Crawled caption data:

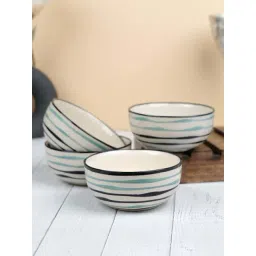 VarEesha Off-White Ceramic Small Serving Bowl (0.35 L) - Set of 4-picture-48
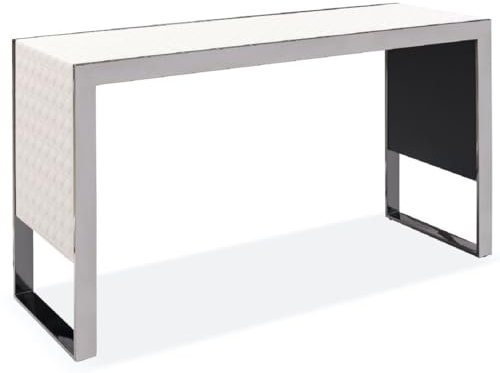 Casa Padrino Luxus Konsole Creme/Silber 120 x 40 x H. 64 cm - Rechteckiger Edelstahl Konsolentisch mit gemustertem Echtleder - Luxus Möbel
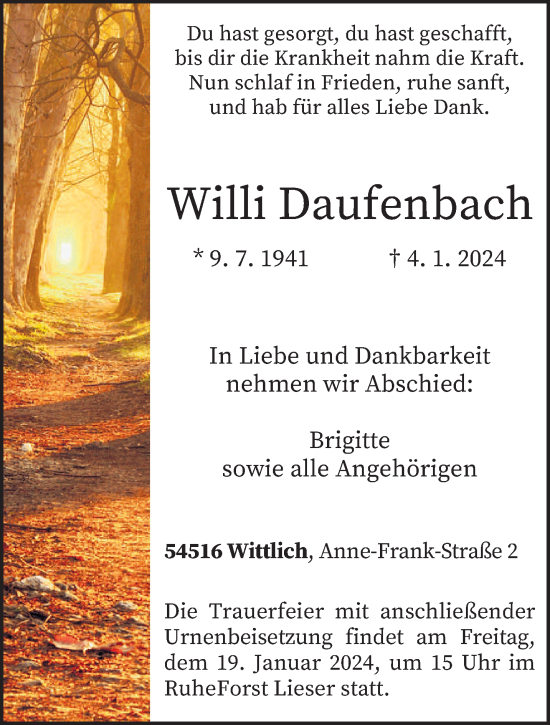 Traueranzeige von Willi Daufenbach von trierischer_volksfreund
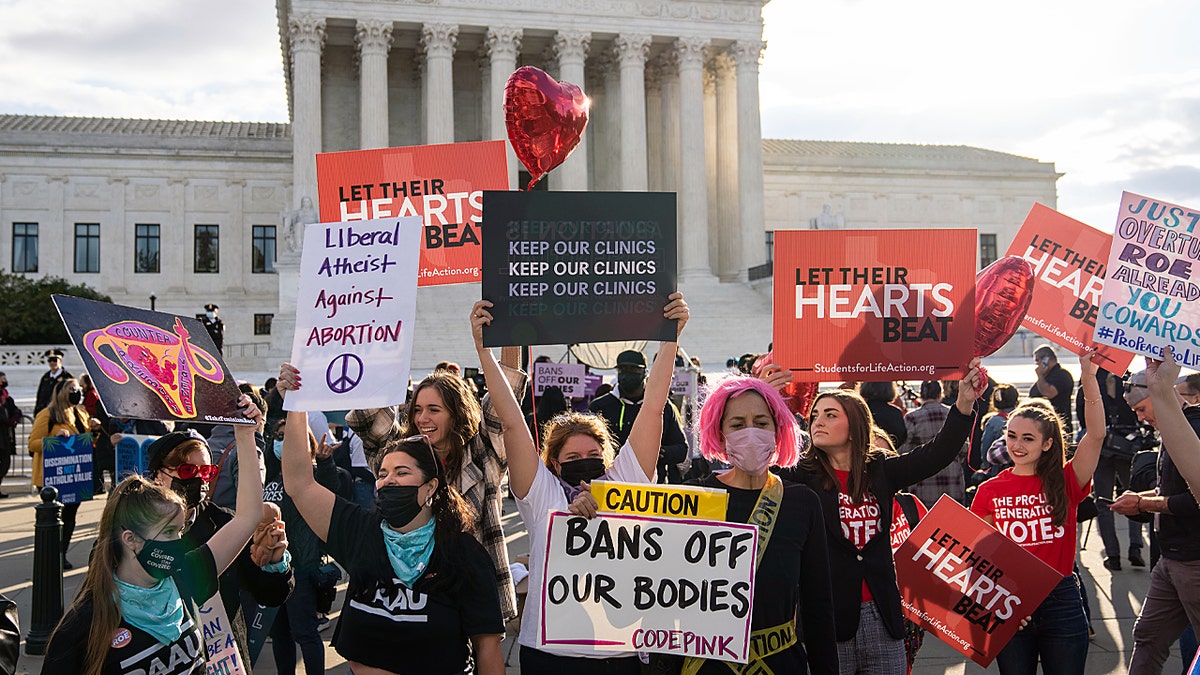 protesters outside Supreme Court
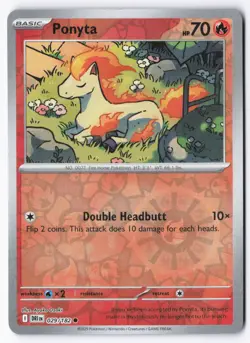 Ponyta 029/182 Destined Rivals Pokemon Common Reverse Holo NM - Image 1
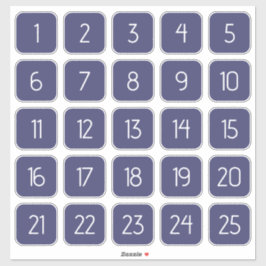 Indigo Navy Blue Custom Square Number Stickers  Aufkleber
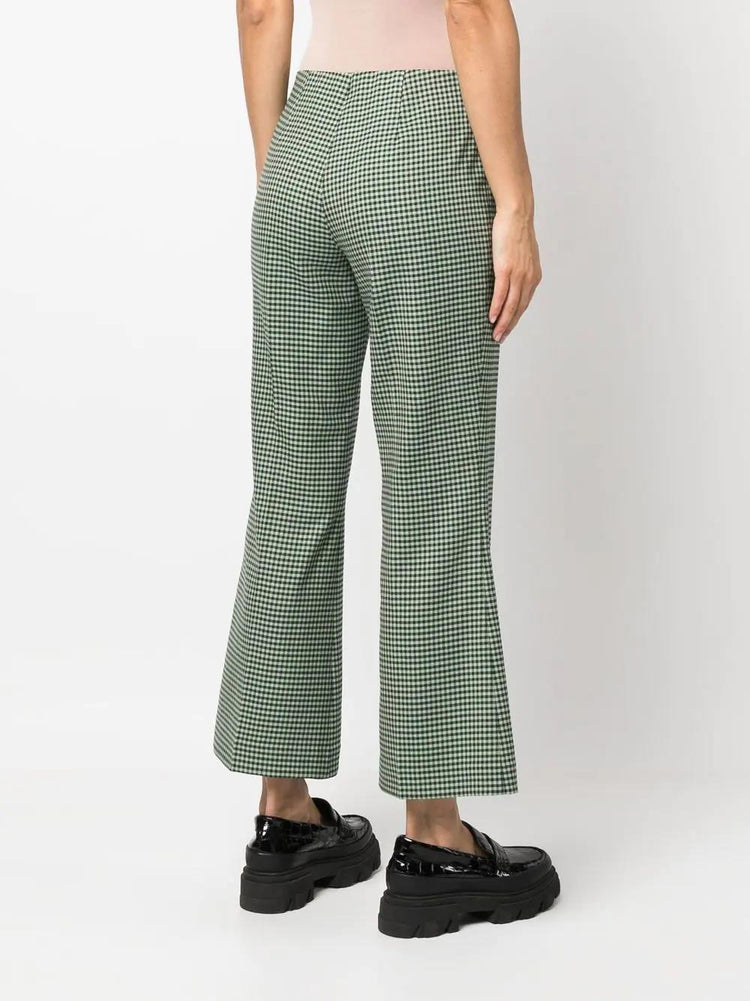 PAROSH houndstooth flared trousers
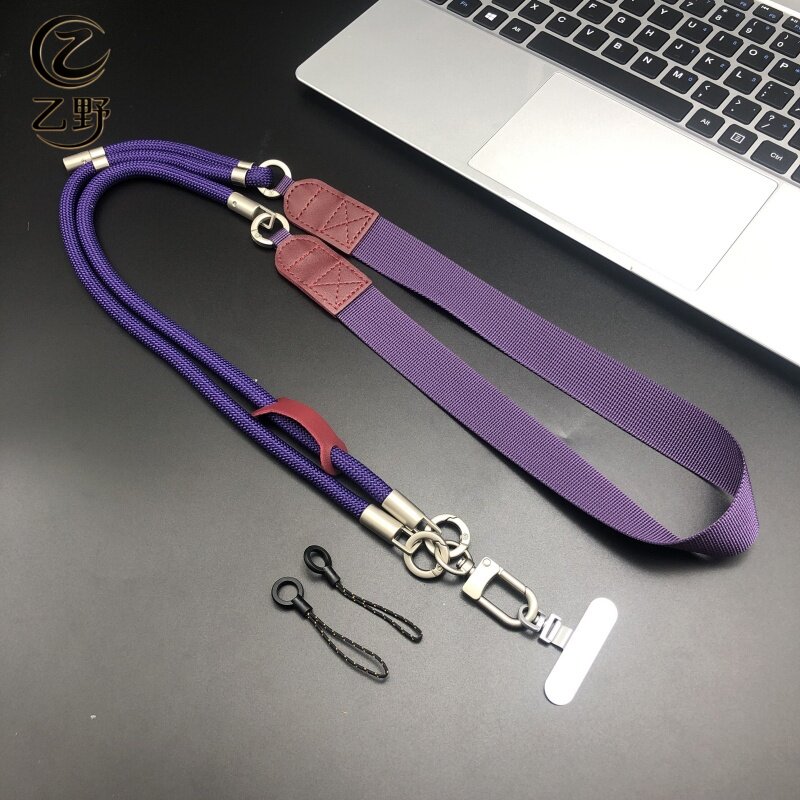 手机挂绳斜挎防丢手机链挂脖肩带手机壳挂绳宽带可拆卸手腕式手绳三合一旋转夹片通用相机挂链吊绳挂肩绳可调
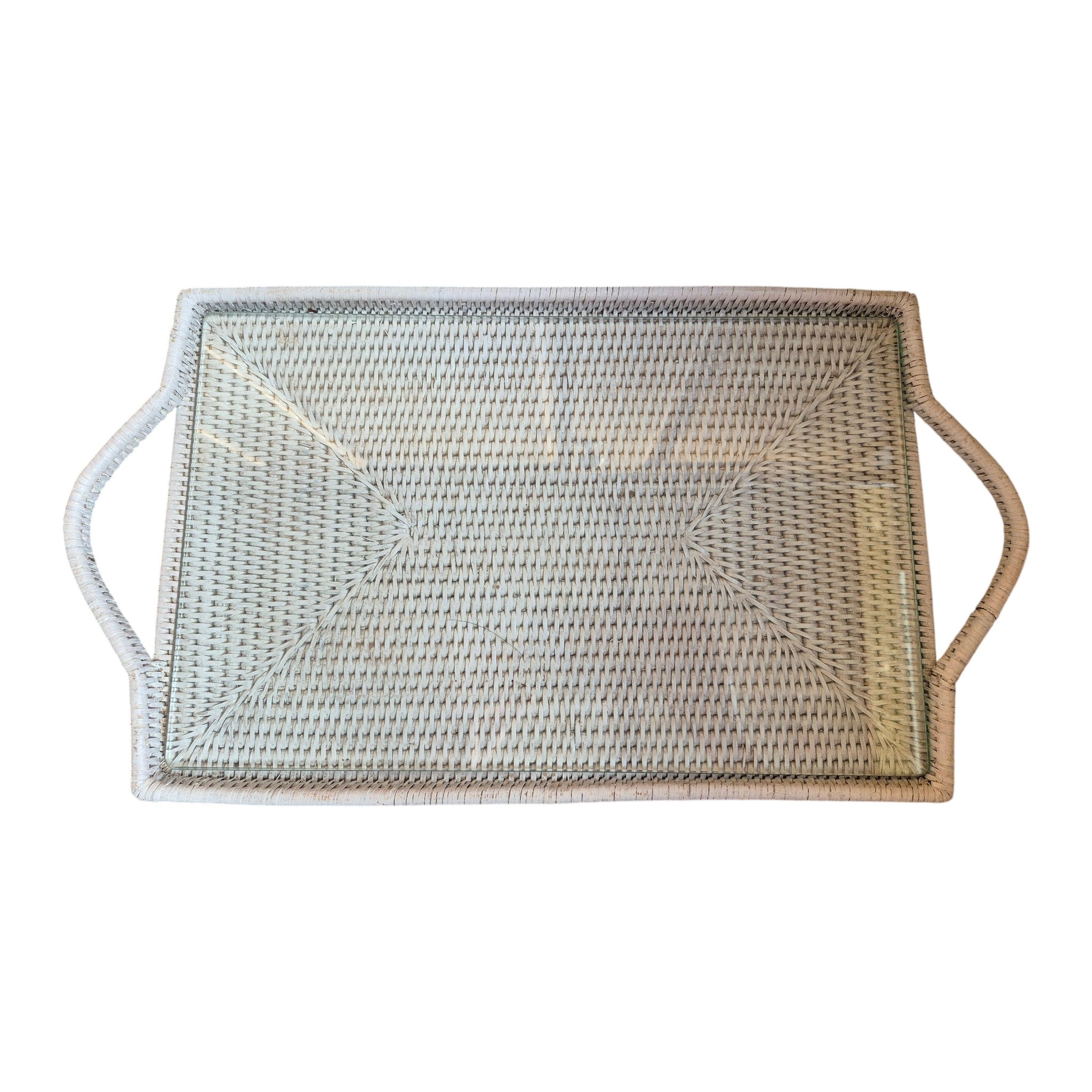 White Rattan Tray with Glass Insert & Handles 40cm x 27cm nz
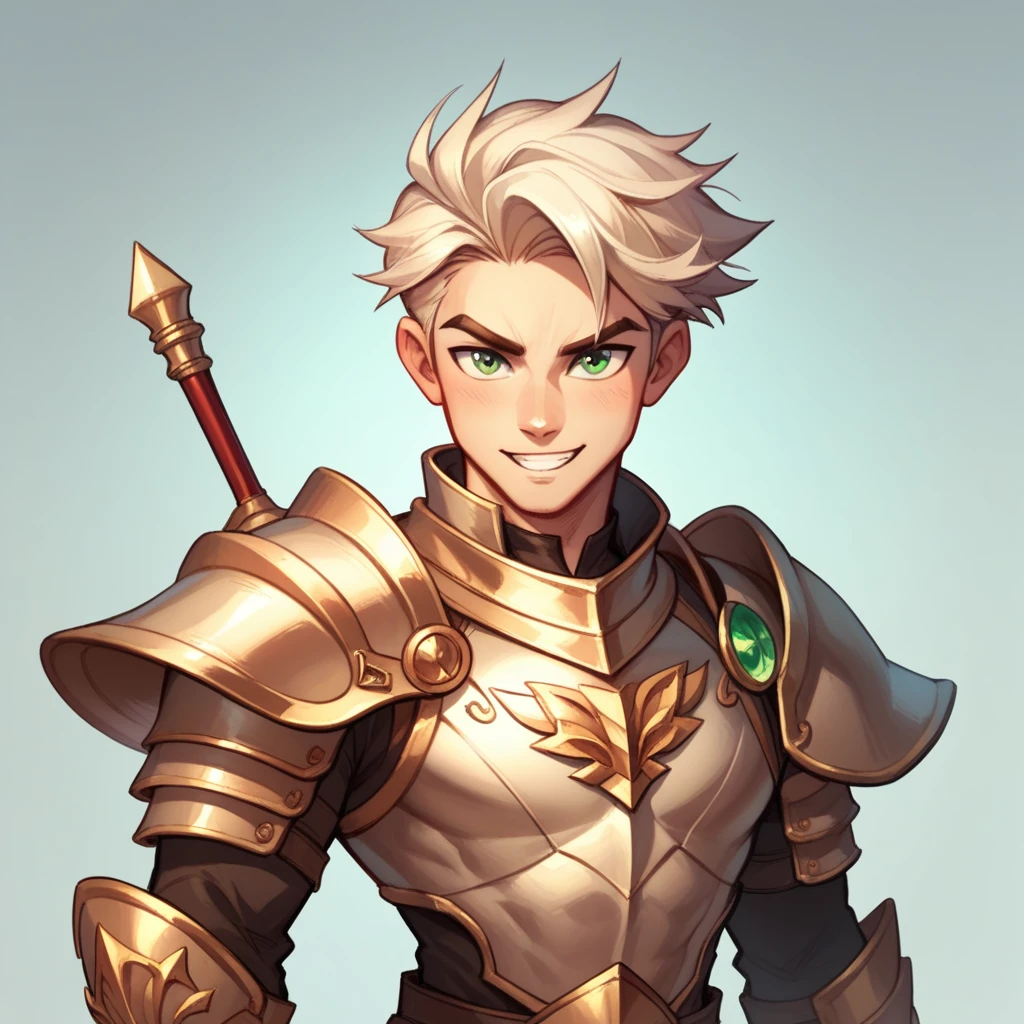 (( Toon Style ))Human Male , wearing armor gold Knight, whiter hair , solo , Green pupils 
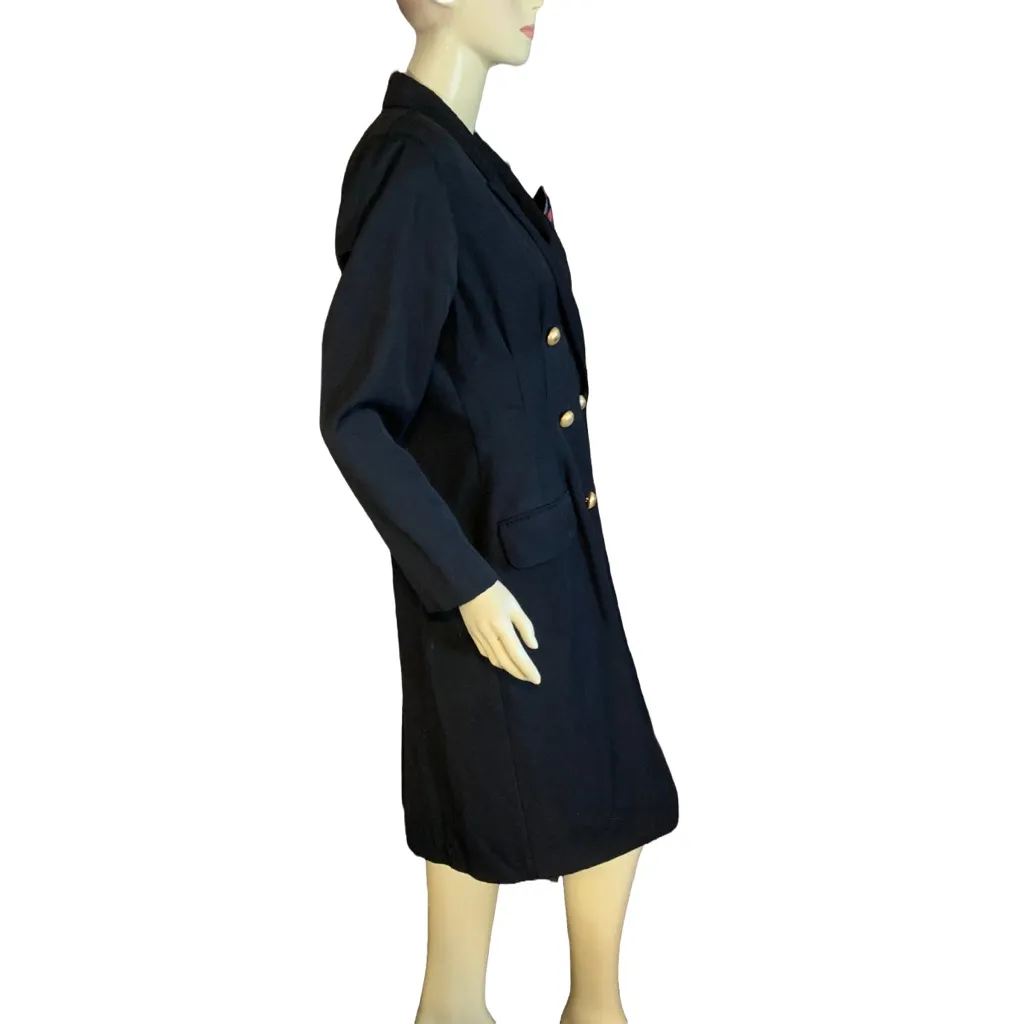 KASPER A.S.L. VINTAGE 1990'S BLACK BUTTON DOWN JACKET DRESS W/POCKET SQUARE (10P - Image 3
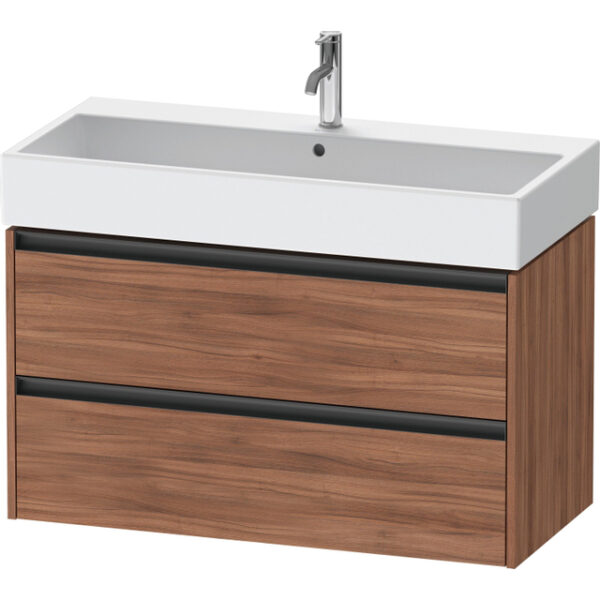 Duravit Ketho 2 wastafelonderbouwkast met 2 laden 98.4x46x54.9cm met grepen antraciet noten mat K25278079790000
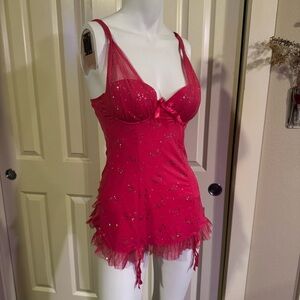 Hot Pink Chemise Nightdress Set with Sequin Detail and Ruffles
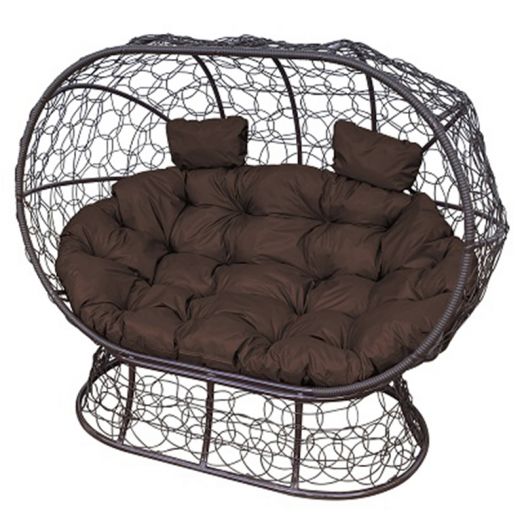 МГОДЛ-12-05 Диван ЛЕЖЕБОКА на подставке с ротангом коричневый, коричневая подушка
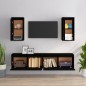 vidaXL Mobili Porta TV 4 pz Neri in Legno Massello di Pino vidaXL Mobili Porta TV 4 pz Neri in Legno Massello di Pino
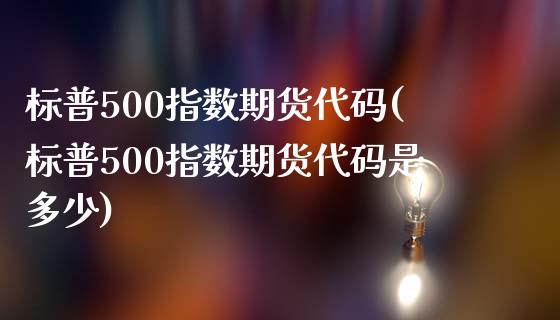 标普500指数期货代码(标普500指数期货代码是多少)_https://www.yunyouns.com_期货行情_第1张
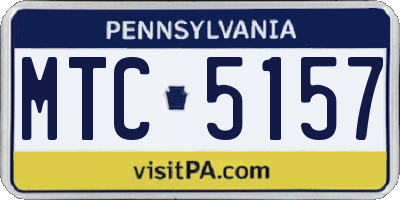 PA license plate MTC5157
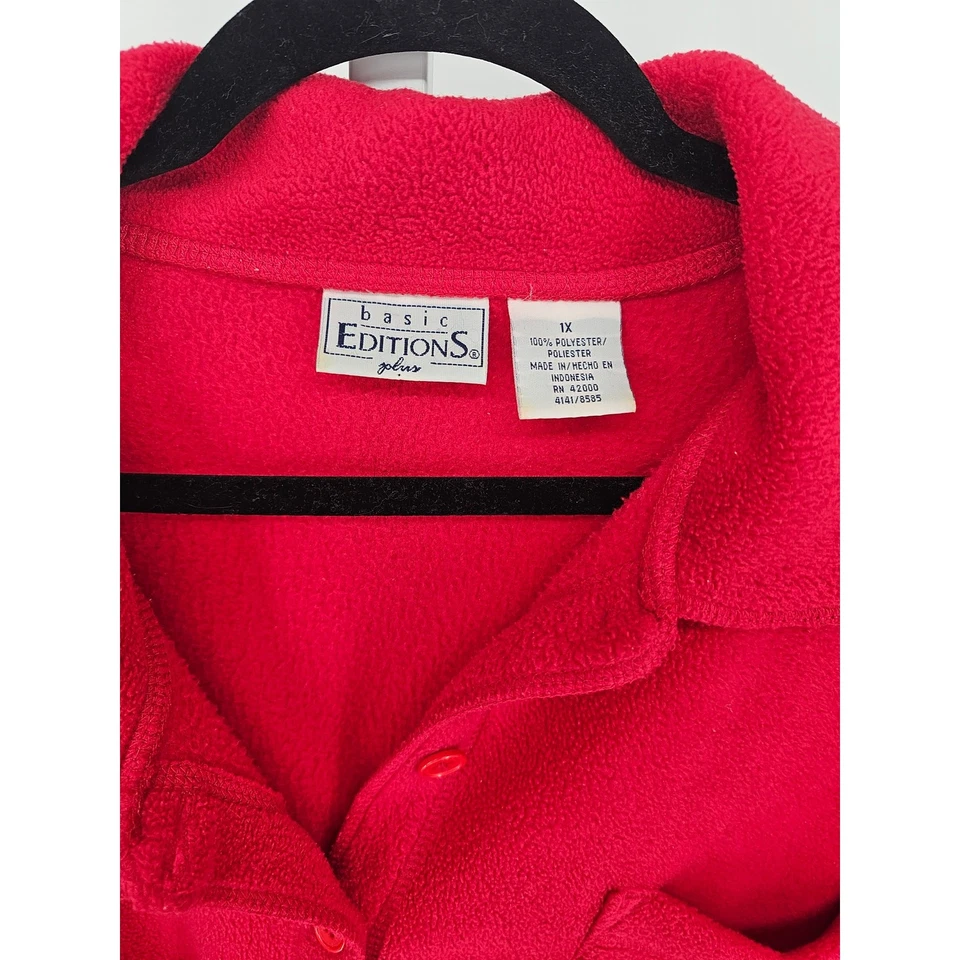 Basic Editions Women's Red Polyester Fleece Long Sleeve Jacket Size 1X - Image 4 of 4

Task requirements:
Please copy the data above word for word, but only from the line that contains "KASPER A.S.L. VINTAGE" through the final line, both included, and without the pictures.

Exercise result:
 KASPER A.S.L. VINTAGE 1990'S BLACK BUTTON DOWN JACKET DRESS W/POCKET SQUARE (10P - Image 3
 Duravit Ketho 2 wastafelonderbouwkast met 2 laden 98.4x46x54.9cm met grepen antraciet noten mat K25278079790000
 Hot Pink Chemise Nightdress Set with Sequin Detail and Ruffles
 МГОДЛ-12-05 Диван ЛЕЖЕБОКА на подставке с ротангом коричневый, коричневая подушка
 vidaXL Mobili Porta TV 4 pz Neri in Legno Massello di Pino vidaXL Mobili Porta TV 4 pz Neri in Legno Massello di Pino
 标普500指数期货代码(标普500指数期货代码是多少)_https://www.yunyouns.com_期货行情_第1张
 PA license plate MTC5157
 Basic Editions Women's Red Polyester Fleece Long Sleeve Jacket Size 1X - Image 4 of 4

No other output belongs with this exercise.